There are many hurdles ahead for the new socialist countryside


China's Communist Party on Tuesday formally launched its campaign to build a "socialist new countryside" as the pillar of a five-year plan, while Premier Wen Jiabao (溫家寶) said China must be "prepared for all kinds of difficulties and risks" in implementing the goal.

The toughest tasks identified by Wen and President Hu Jintao (胡錦濤) were spreading the benefits of China's rapid economic growth to poor rural areas and curbing massive energy inefficiency and environmental degradation.

China maintained an annual growth rate of more than 9 percent from 2000 to last year, but it failed to eliminate chronic problems such as overinvestment, widening income gaps, corruption and environmental damage.

The problems prompted Hu to tell top party members recently that "building a socialist new countryside is a major historic mission set by our party." China will have plenty of hurdles to clear in achieving that vision.

For instance, although China's GDP accounted for 4 percent of the global total in 2004, it used 12 percent of the primary energy consumed worldwide, 15 percent of fresh water, 28 percent of rolled steel and 50 percent of cement, the government estimated.

"We are now faced with a very serious problem of environmental pollution," Wen told reporters on Tuesday at the end of the annual National People's Congress (NPC), China's nominal parliament.
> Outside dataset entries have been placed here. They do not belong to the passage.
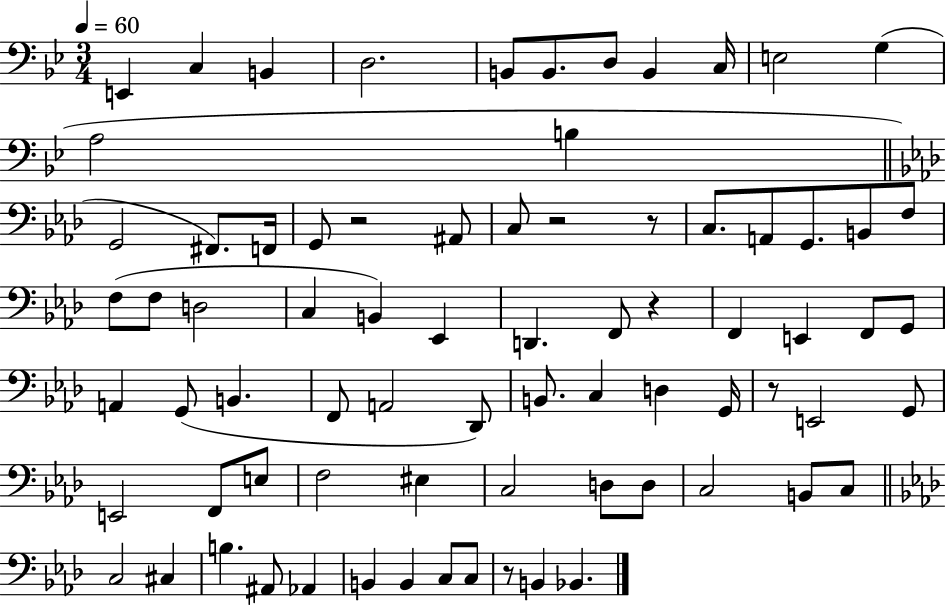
{
  \clef bass
  \numericTimeSignature
  \time 3/4
  \key bes \major
  \tempo 4 = 60
  e,4 c4 b,4 | d2. | b,8 b,8. d8 b,4 c16 | e2 g4( | \break a2 b4 | \bar "||" \break \key aes \major g,2 fis,8.) f,16 | g,8 r2 ais,8 | c8 r2 r8 | c8. a,8 g,8. b,8 f8 | \break f8( f8 d2 | c4 b,4) ees,4 | d,4. f,8 r4 | f,4 e,4 f,8 g,8 | \break a,4 g,8( b,4. | f,8 a,2 des,8) | b,8. c4 d4 g,16 | r8 e,2 g,8 | \break e,2 f,8 e8 | f2 eis4 | c2 d8 d8 | c2 b,8 c8 | \break \bar "||" \break \key aes \major c2 cis4 | b4. ais,8 aes,4 | b,4 b,4 c8 c8 | r8 b,4 bes,4. | \break \bar "|."
} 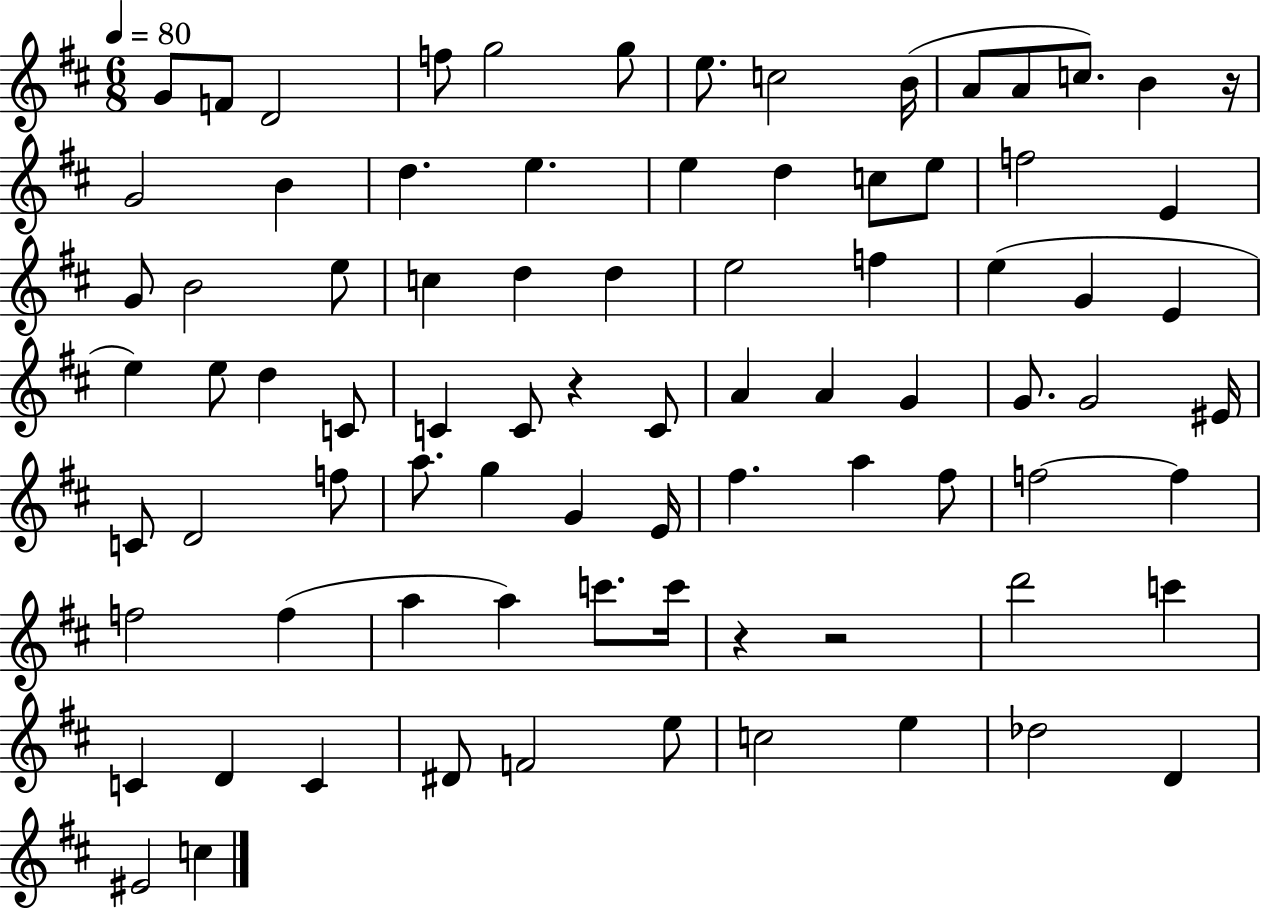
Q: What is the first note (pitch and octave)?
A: G4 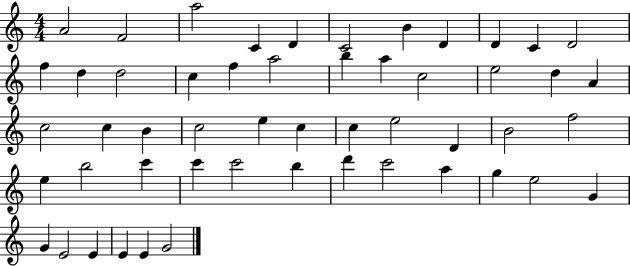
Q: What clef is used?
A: treble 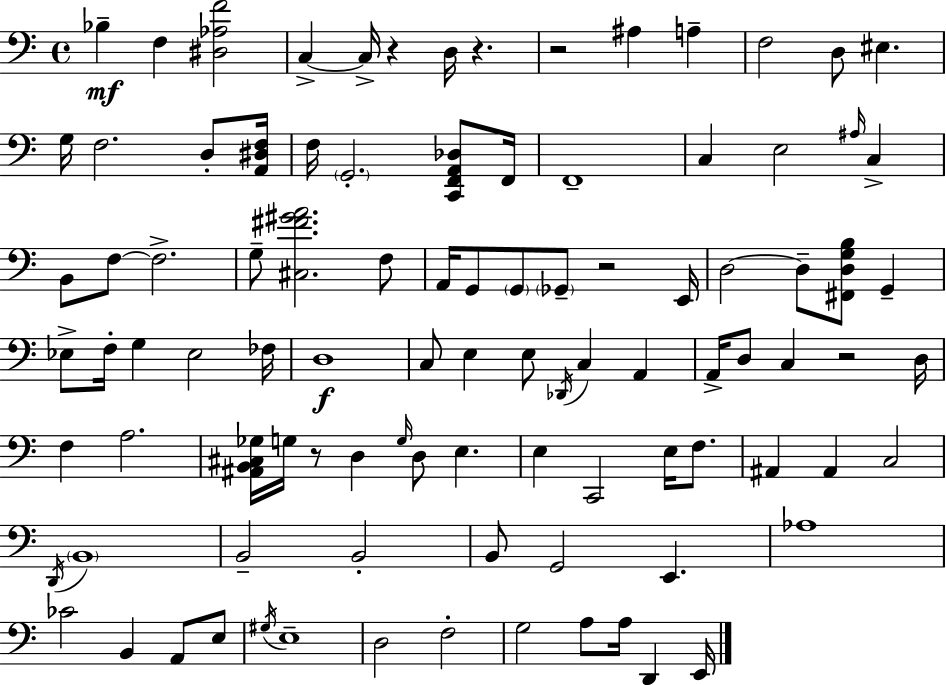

He said the government failed to meet environmental targets for 2000 to last year, including a planned decrease of 10 percent in the discharge of major pollutants.

China's energy consumption for each 10,000 yuan (US$1,250) of output was also 27 percent over its target at the equivalent of 1.4 tonnes of coal.

"We need to take practical and forceful measures," Wen said, adding that enforcement of environmental laws was "crucial" but was "also the most difficult part of the job."

Some NPC delegates were more optimistic about the possibility of achieving more energy-efficient and environmentally friendly development.

"Society has realized that energy is limited," said Peng Zhenkun, a delegate from Hubei.

"After this consensus is reached, people will voluntarily save energy," Peng said.

The government plans to use pricing and taxation measures and promote advanced technology as it aims to conserve natural resources and reduce energy consumption per unit of GDP by about 4 percent in each of the next five years, Wen said.

Jiang Minglin, an NPC delegate from Shandong Province, said he hopes government subsidies will support technology for improving energy efficiency and curbing industrial pollution.

Without such subsidies, it might be impossible to develop modern industrial enterprises in poor rural areas.

Jiang also backed plans to develop service industries, which use use far less energy and fewer resources than primary and manufacturing industries.

Over the next decade or so, up to 600 million rural residents are expected to move into large, relatively developed cities or new towns that will be built in the rural areas.

An equally demanding task will be to find sources of income for these surplus rural laborers, given that up to 400 million workers and farmers in the country of 1.3 billion people currently lack long-term, stable incomes.

"We need to implement a policy of getting industry to support agriculture and cities to support the countryside," Wen said.